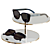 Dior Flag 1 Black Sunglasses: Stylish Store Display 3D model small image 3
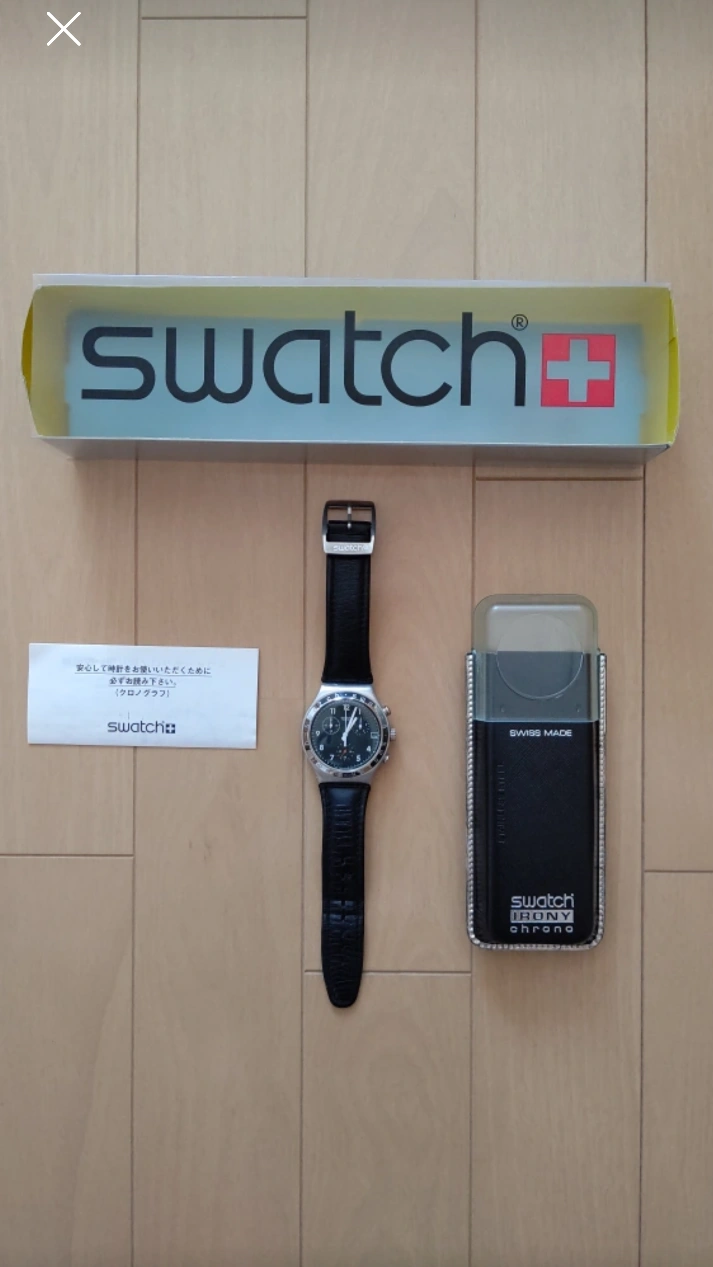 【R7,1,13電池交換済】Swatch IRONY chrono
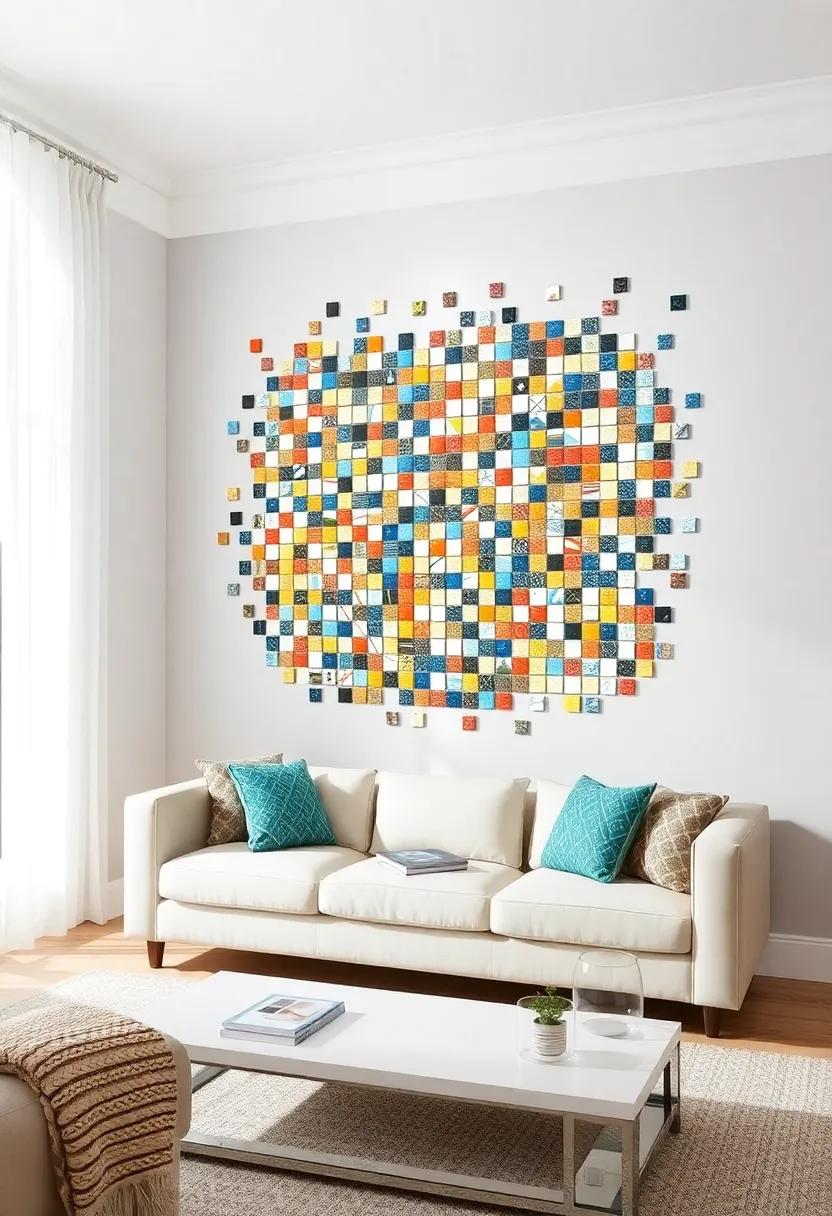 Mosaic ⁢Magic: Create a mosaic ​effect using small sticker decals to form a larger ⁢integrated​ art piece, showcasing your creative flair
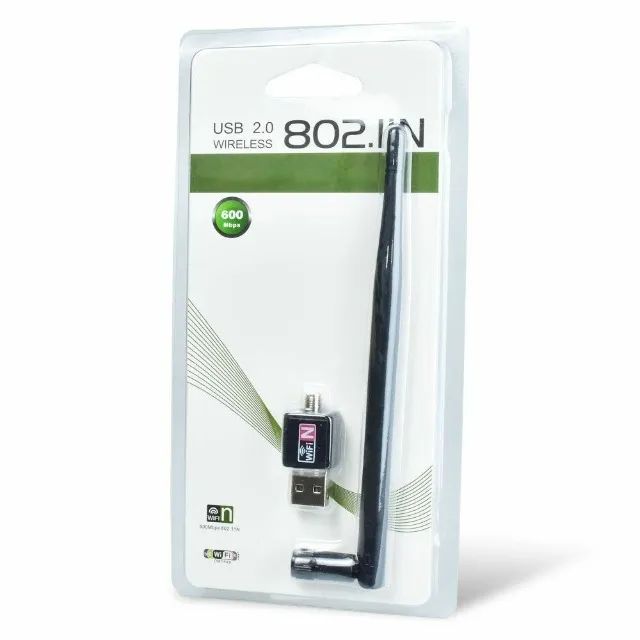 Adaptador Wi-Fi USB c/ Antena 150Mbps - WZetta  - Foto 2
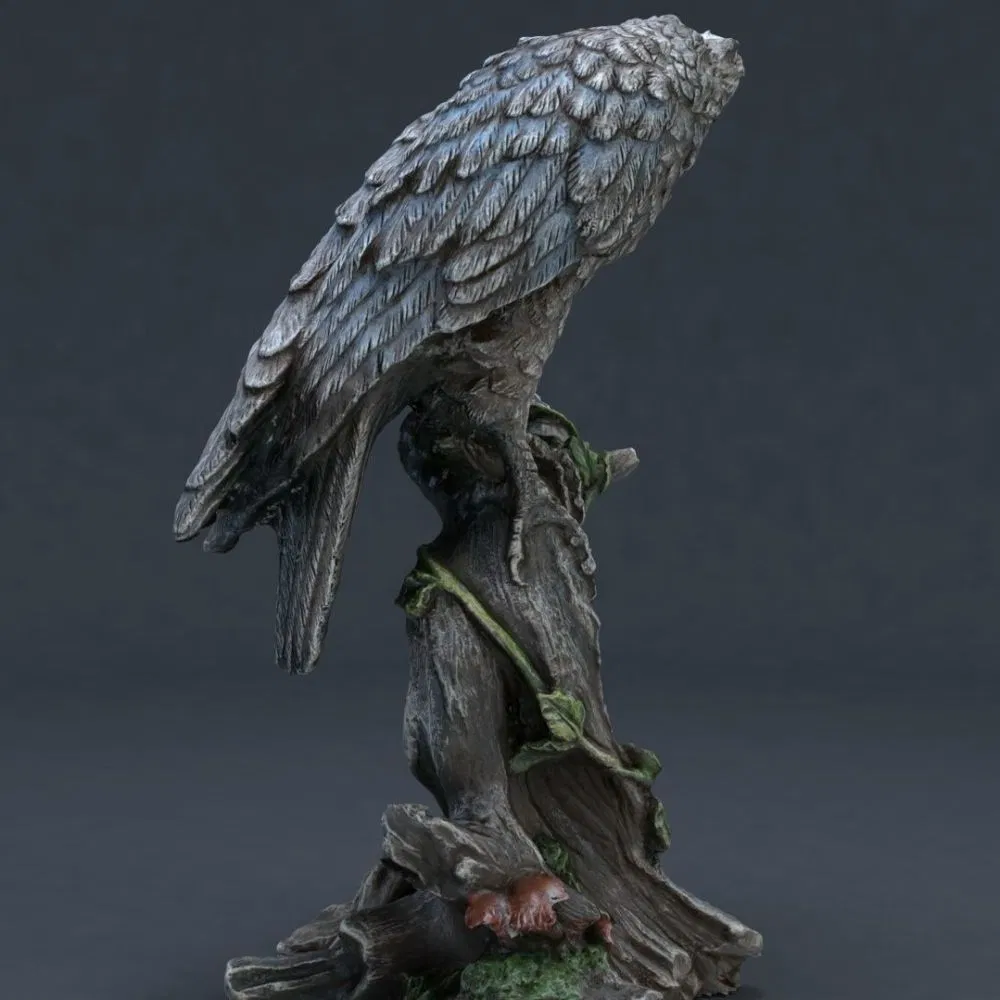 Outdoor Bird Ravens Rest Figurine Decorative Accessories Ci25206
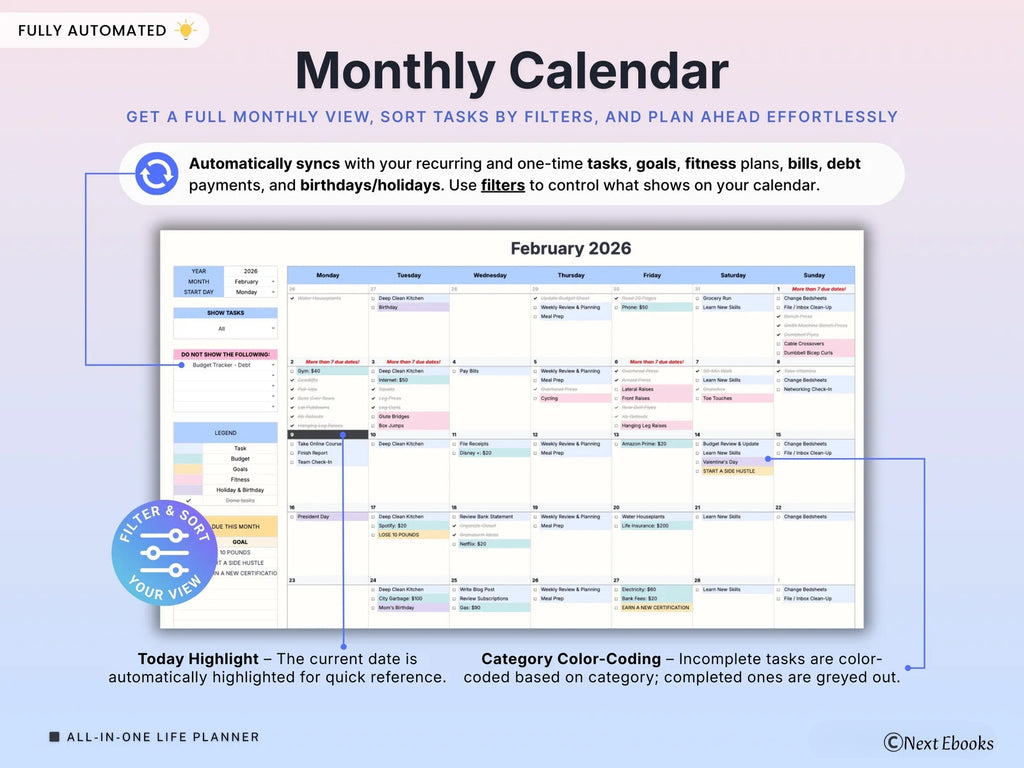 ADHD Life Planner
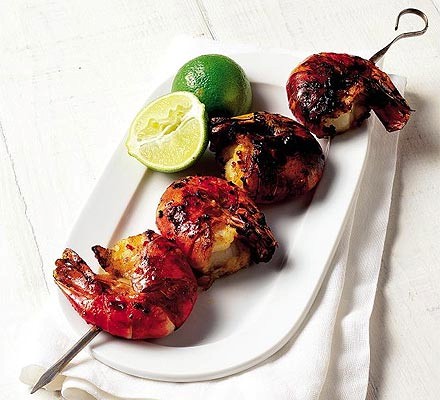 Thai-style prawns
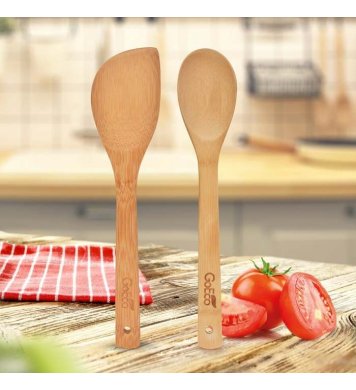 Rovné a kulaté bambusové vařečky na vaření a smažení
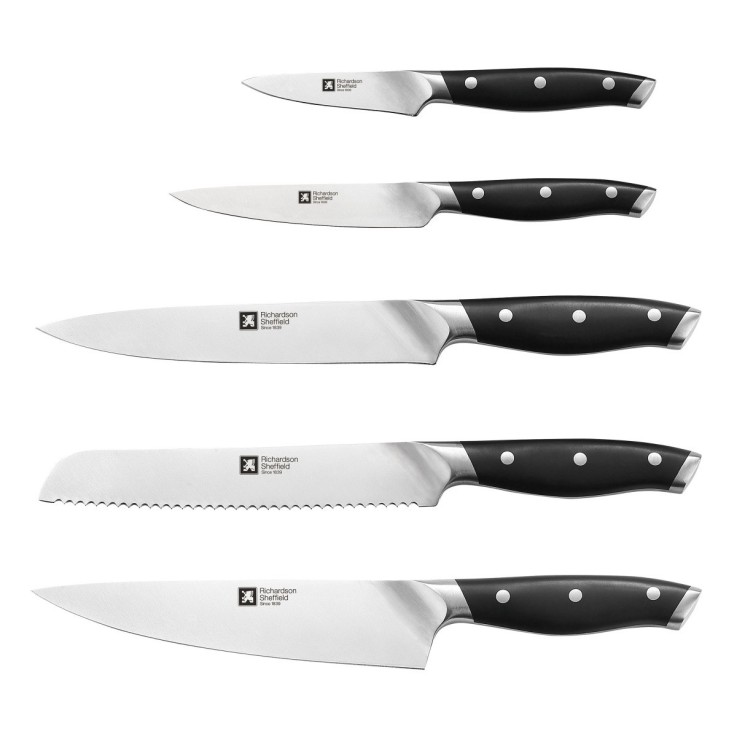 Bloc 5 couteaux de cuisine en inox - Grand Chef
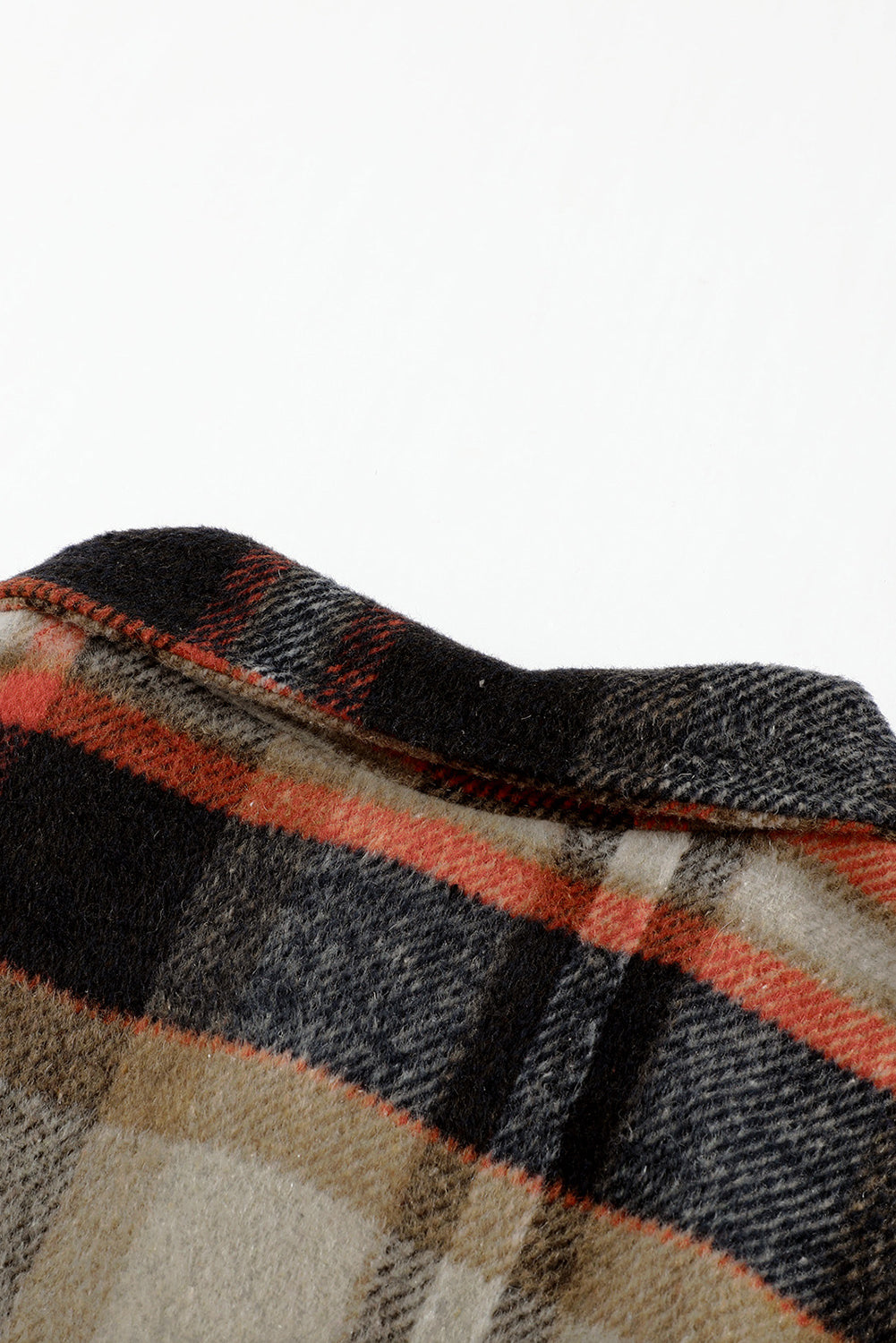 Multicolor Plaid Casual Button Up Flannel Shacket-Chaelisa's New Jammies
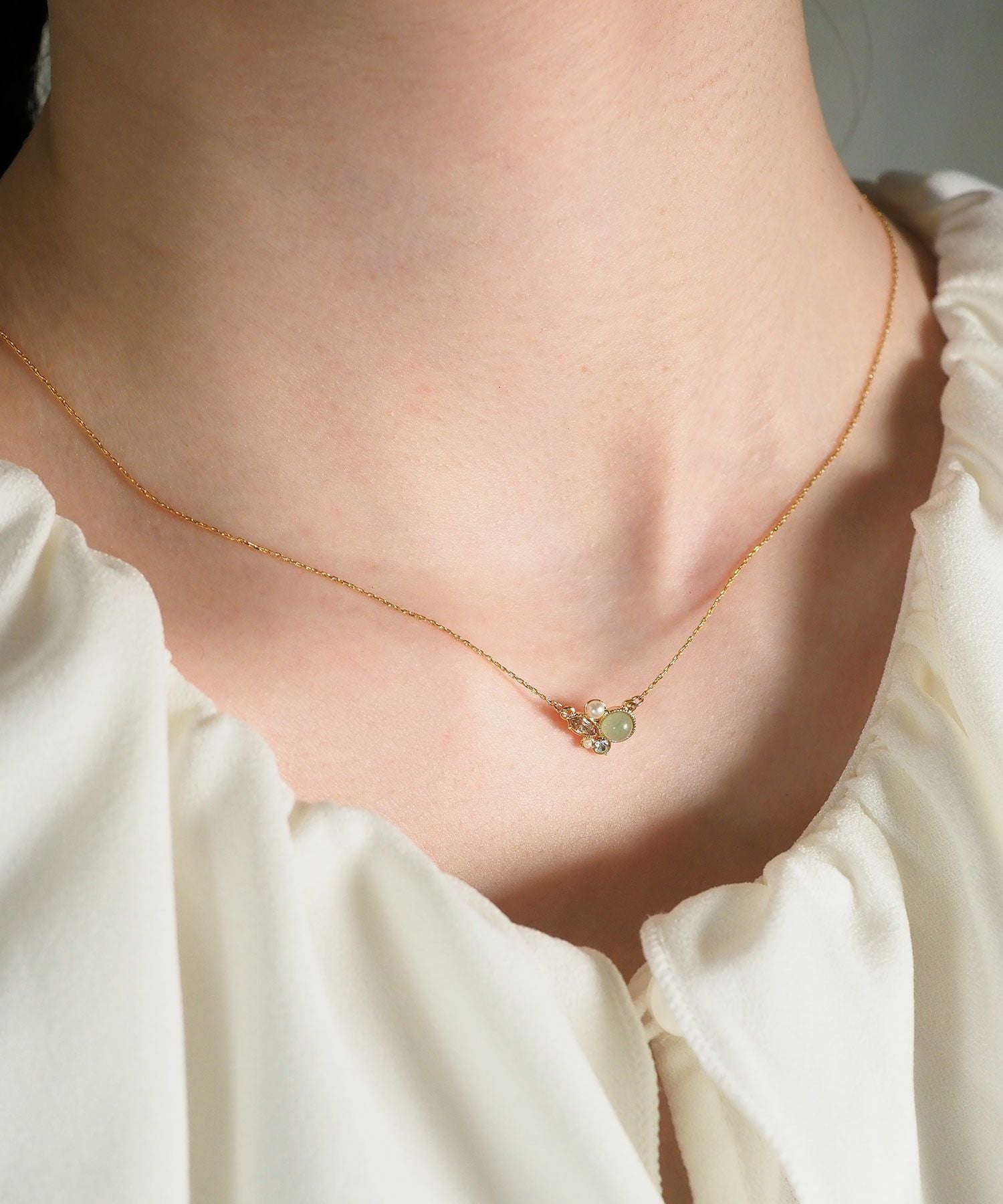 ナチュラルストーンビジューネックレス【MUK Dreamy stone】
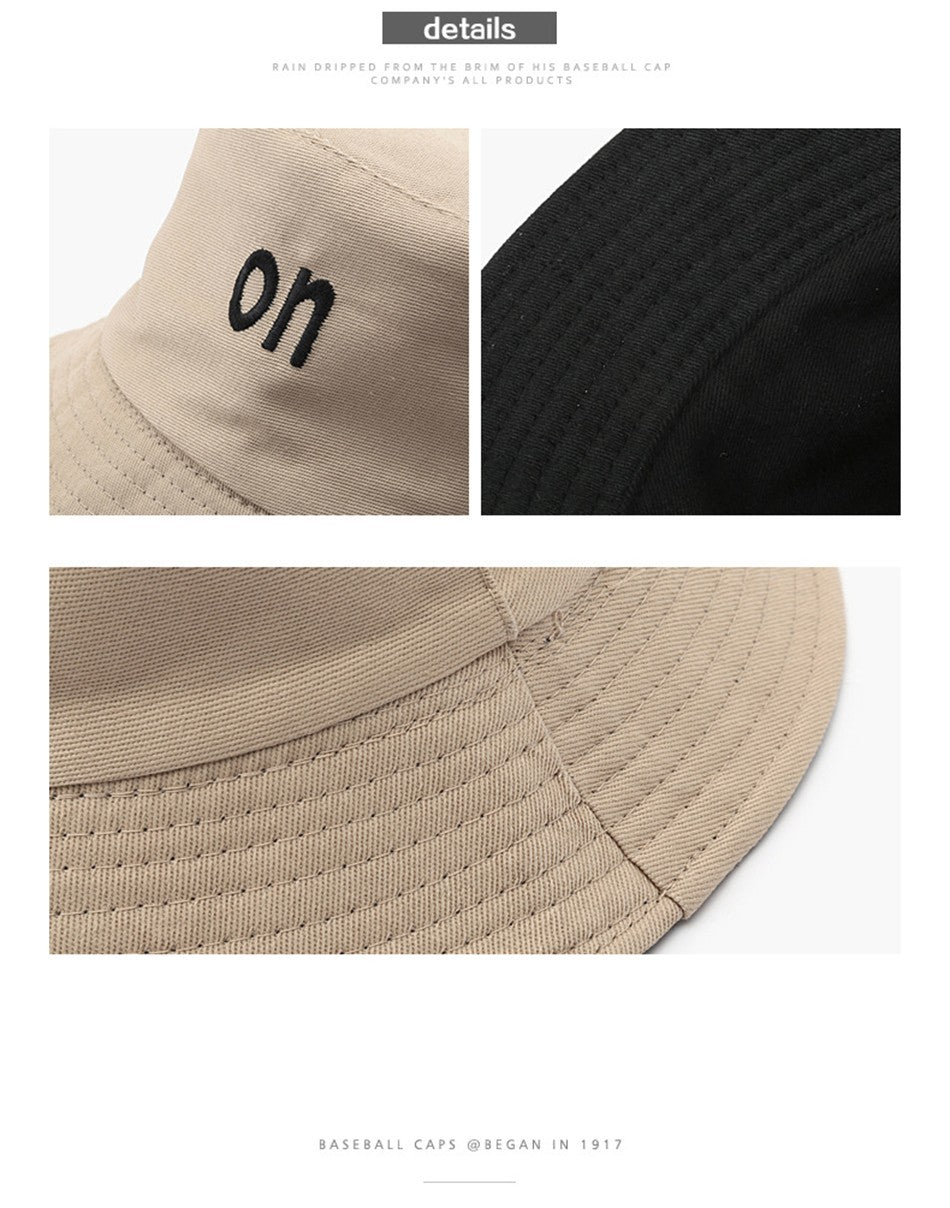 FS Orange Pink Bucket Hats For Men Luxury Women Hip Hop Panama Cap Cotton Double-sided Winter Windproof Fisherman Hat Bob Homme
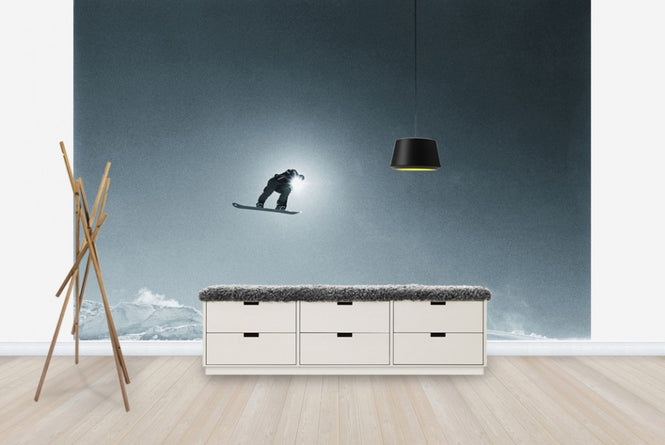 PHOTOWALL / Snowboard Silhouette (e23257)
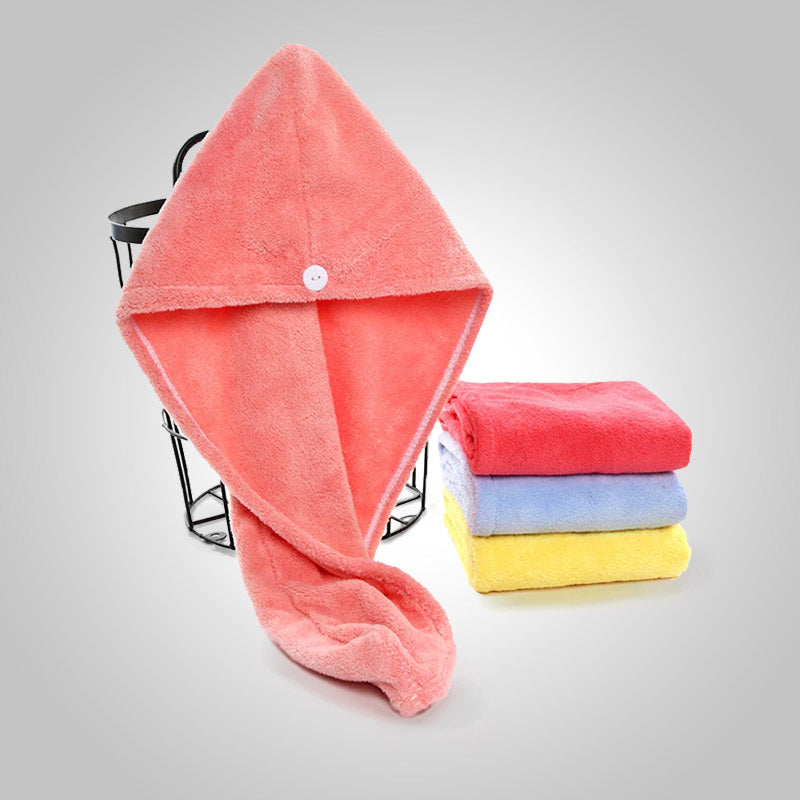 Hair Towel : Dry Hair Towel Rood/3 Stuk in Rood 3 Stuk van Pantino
########
* **BRIEF**
Reproduce only the lines from the first line of the entries through the line containing "Thai-style prawns", exactly and with both ends kept. Omit the pictures.

* **OUTPUT OF THE TASK**
 Dior Flag 1 Black Sunglasses: Stylish Store Display 3D model small image 3
 【R7,1,13電池交換済】Swatch IRONY chrono
 Mosaic ⁢Magic: Create a mosaic ​effect using small sticker decals to form a larger ⁢integrated​ art piece, showcasing your creative flair
 Adaptador Wi-Fi USB c/ Antena 150Mbps - WZetta  - Foto 2
 Outdoor Bird Ravens Rest Figurine Decorative Accessories Ci25206
 ADHD Life Planner
 Thai-style prawns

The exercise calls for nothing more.